What Led To The Collapse?

However, things started to go south for SVB after the Fed raised borrowing rates on the dollar in 2022 and continued to do so in 2023, resulting in the value of the bank’s MBS falling off the cliff. This was mainly due to investors now being able to purchase long-duration “risk-free” bonds directly from the central bank at a yield that was 2.5x higher. 

However, this would not have been an issue for the bank if it was able to maintain customer deposits, as the securities would eventually pay out more than their cost. However, on Friday SVB announced that in an effort to raise capital, it had sold $21 billion worth of its available-for-sale securities (AFS) at a $1.8 billion loss and was looking to raise another $2.2 billion in equity and debt, which failed to materialize. Customers and investors who were under the impression that the bank had enough liquidity to handle operations were surprised by the decision to sell off its AFS portfolio. 

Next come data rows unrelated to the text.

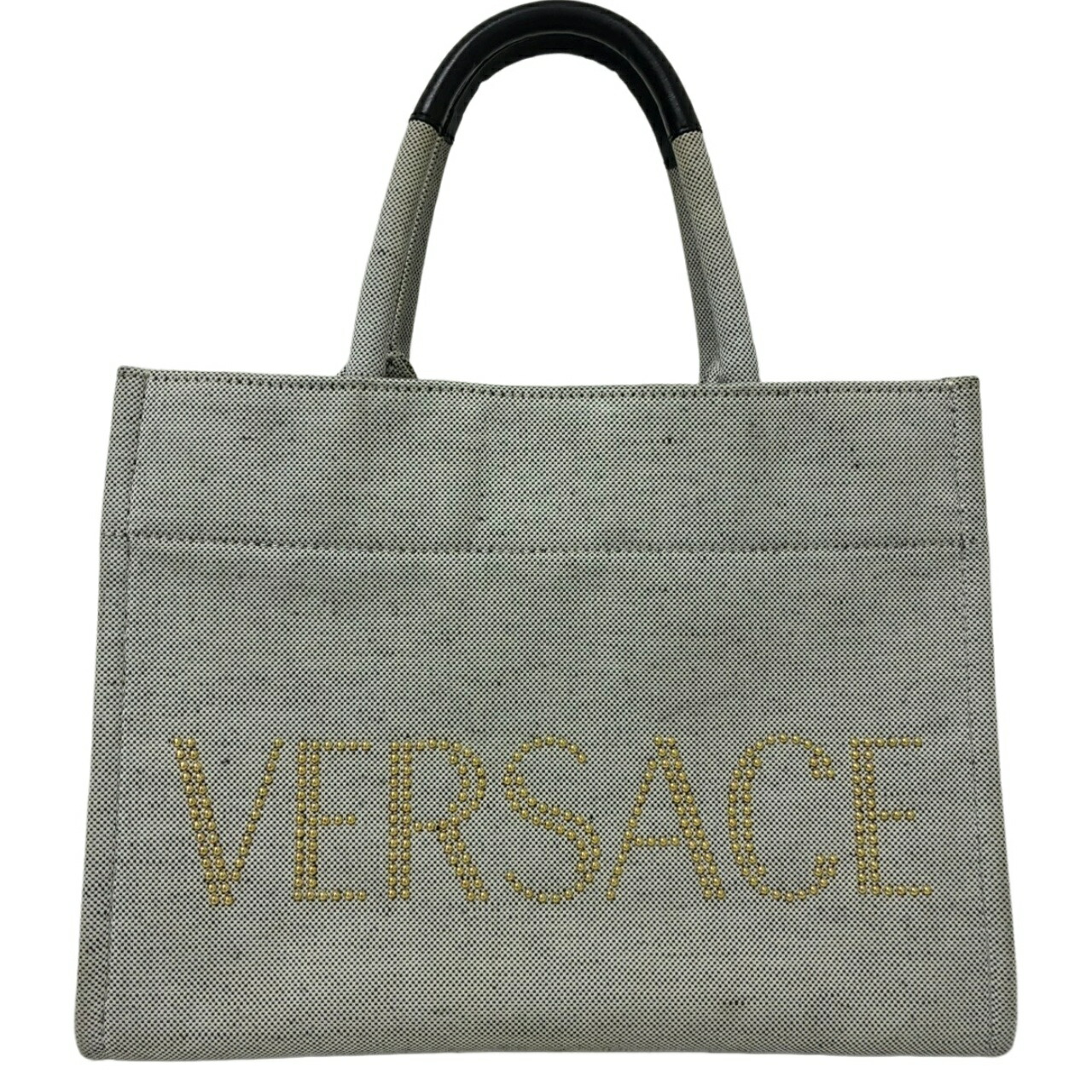 VERSACE ヴェルサーチ 2WAYバッグ 1014568 グレー キャンバス（帆布） メンズ 【中古】 42606K274｜質屋アシスト店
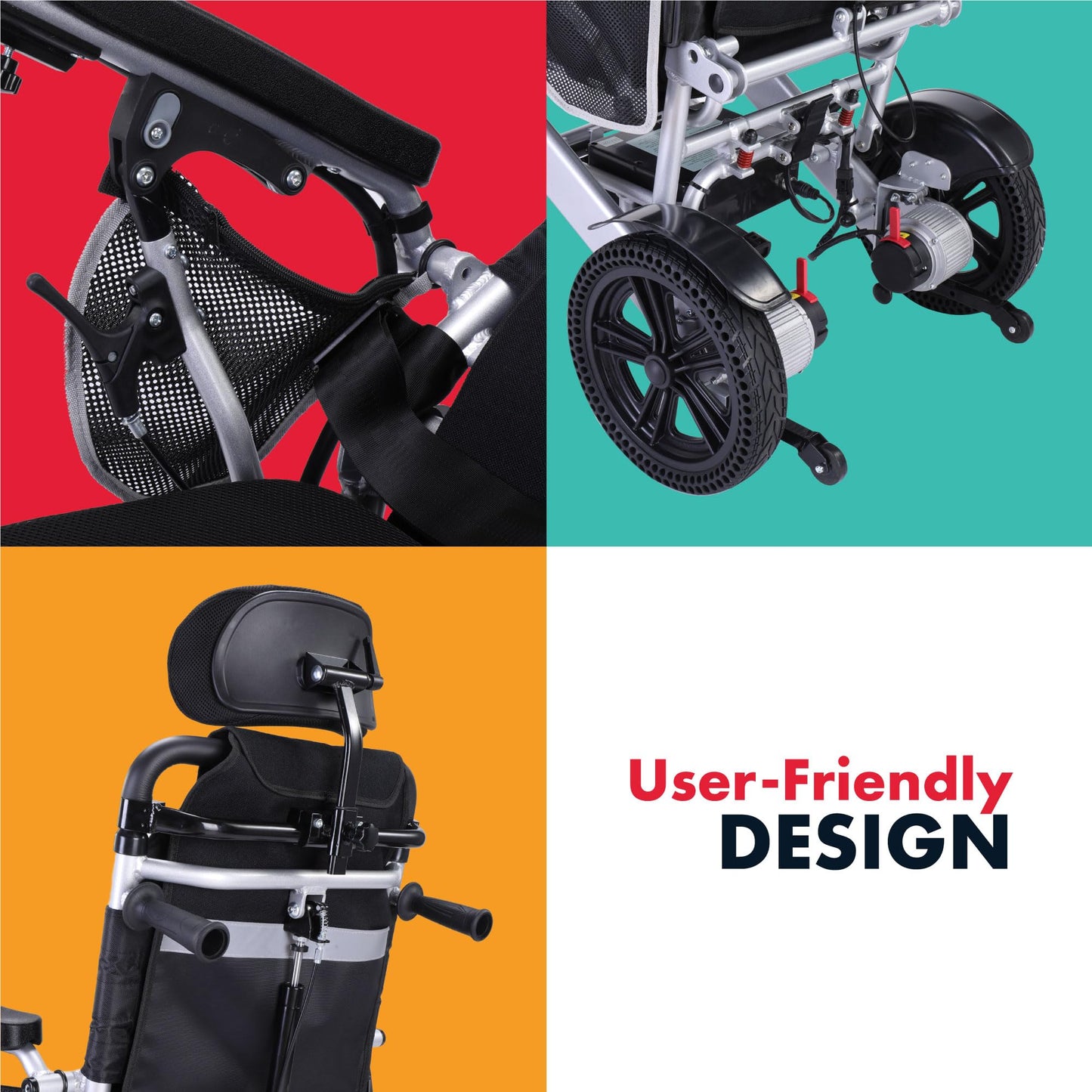 Rubicon DX11 - Reclining Foldable Electric Wheelchairs for Adults - Longest Range 25 Miles of Freedom: Airline Approved Deluxe Electric Wheelchair with Dual 12AH Lithium Batteries, 600W Motor (Model7)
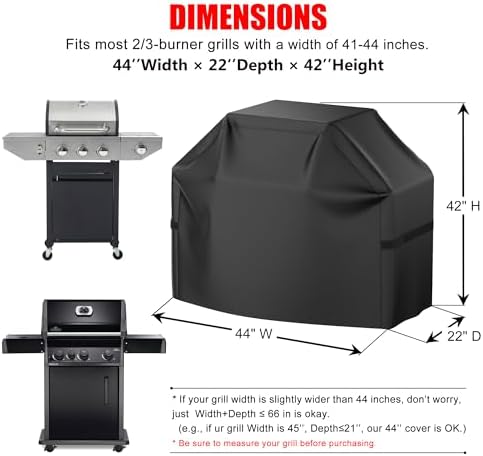 Grill Cover, 44 inch Heavy Duty BBQ Gas Grill Cover for Outdoor Grill, Waterproof, Weather Resistant, Anti-UV, Rip-Proof, Fade Resistant Barbecue Cover with Hook-and-Loop Straps for Most Grills - Image 2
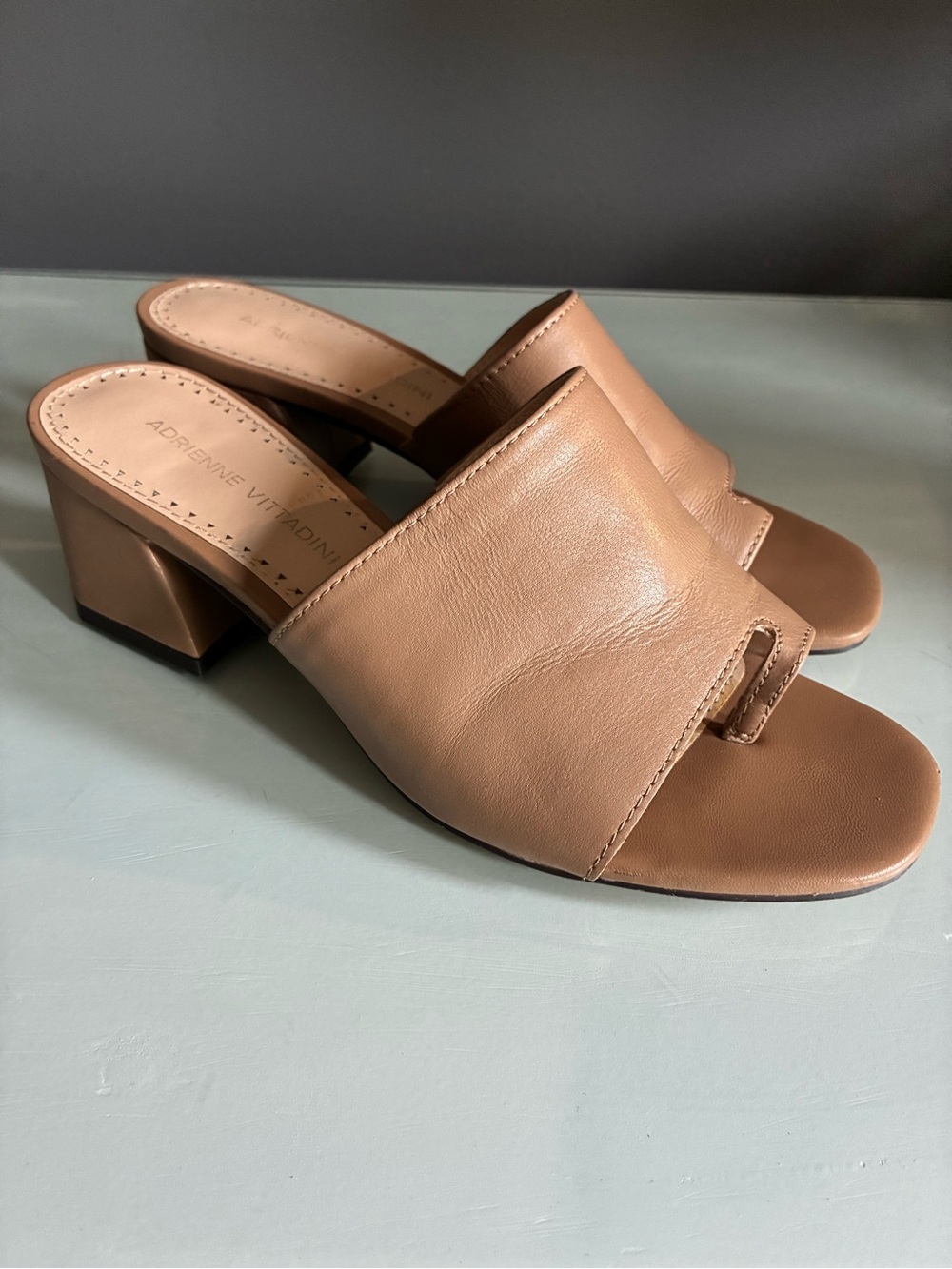 Adrienne Vittadini Nude Tan Leather Open-Toe Block Mules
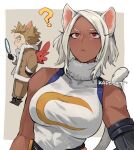  1boy 1girl :&lt; ? animal_ears bare_shoulders black_footwear black_gloves blonde_hair boku_no_hero_academia border breasts brown_jacket brown_pants cat_ears cat_girl cat_tail covered_collarbone crescent_print dark-skinned_female dark_skin fur_collar gloves hand_in_pocket hawks_(boku_no_hero_academia) holding holding_mirror jacket kadeart large_breasts leotard long_eyelashes looking_at_mirror mechanical_arms mirko mirror pants parted_bangs red_eyes red_wings short_hair single_mechanical_arm sleeveless_turtleneck_leotard solo_focus spiked_hair tail taut_leotard toned triangle_mouth upper_body white_border white_hair white_leotard wings 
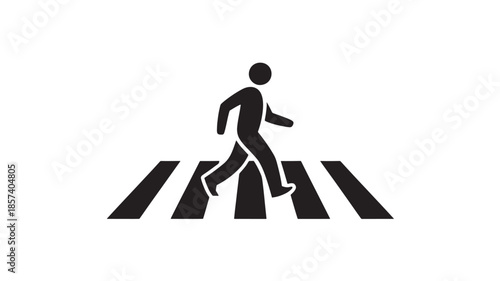 Man Running Across Zebra Crossing
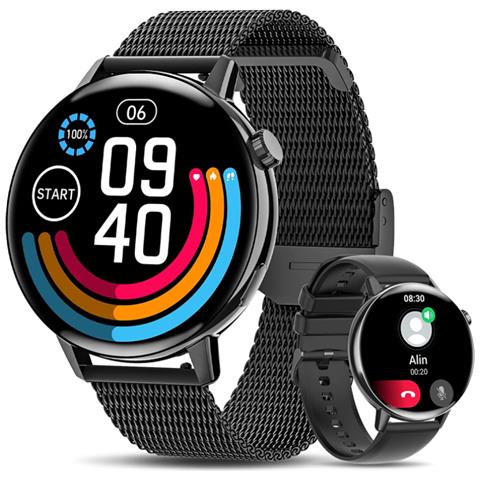 Smartwatch Jugeman Con Schermo Touch HD – Cardiofrequenzimetro E Monitoraggio Del Sonno, Per Uomo E Donna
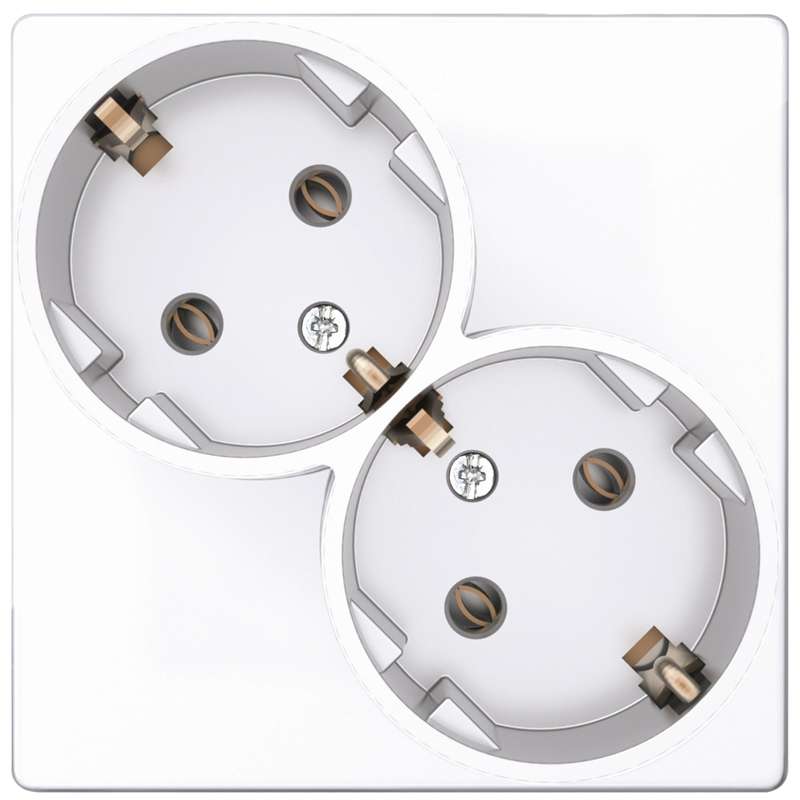 Розетка 2-м СП 24 16А IP20 2х2P+E Schuko без защ. шторок механизм бел. 2450459-030 - Simon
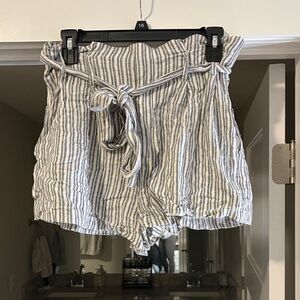 Striped Women's Shorts with Belt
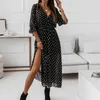 Casual Dresses 2023 Summer Women's Ruffled klänning Elegant Street Loose Fit Long Sexy Print Retro Party Body Site Split Women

The bank’s collapse will have huge ramifications for the crypto and tech industry. 

Gary Tan, CEO of American tech start-up accelerator Y Combinator, wrote on Twitter that 30% of companies backed by Silicon Valley Bank won’t be able to pay salaries to their employees in the next 30 days. Gary called it “an extinction-level event for startups” that will push back startups and innovation in the industry by “10 years or more”. 

The Silicon Valley startup incubator becomes the second banking casualty of this year after crypto-focused Silvergate Capital announced on Wednesday that it was preparing to liquidate its banking arm. The California-based bank suffered heavy losses from its exposure to collapsed crypto firms FTX and former hedge fund Three Arrows Capital (3AC).

Silvergate was the premier banking partner of many crypto companies including Paxos, Coinbase,, Galaxy Digital, and Circle. The bank also shut down its payment settlement network, Silvergate Exchange Network (SEN), which was used by these firms to exchange fiat for cryptocurrencies. 

After a slight recovery at the start of the year, the crypto industry is sinking to new lows with the collapse of two of its largest supporters in the banking sector. At the time of writing, Bitcoin (BTC) is trading at $20,096 – up by 0.9% in the last 24 hours.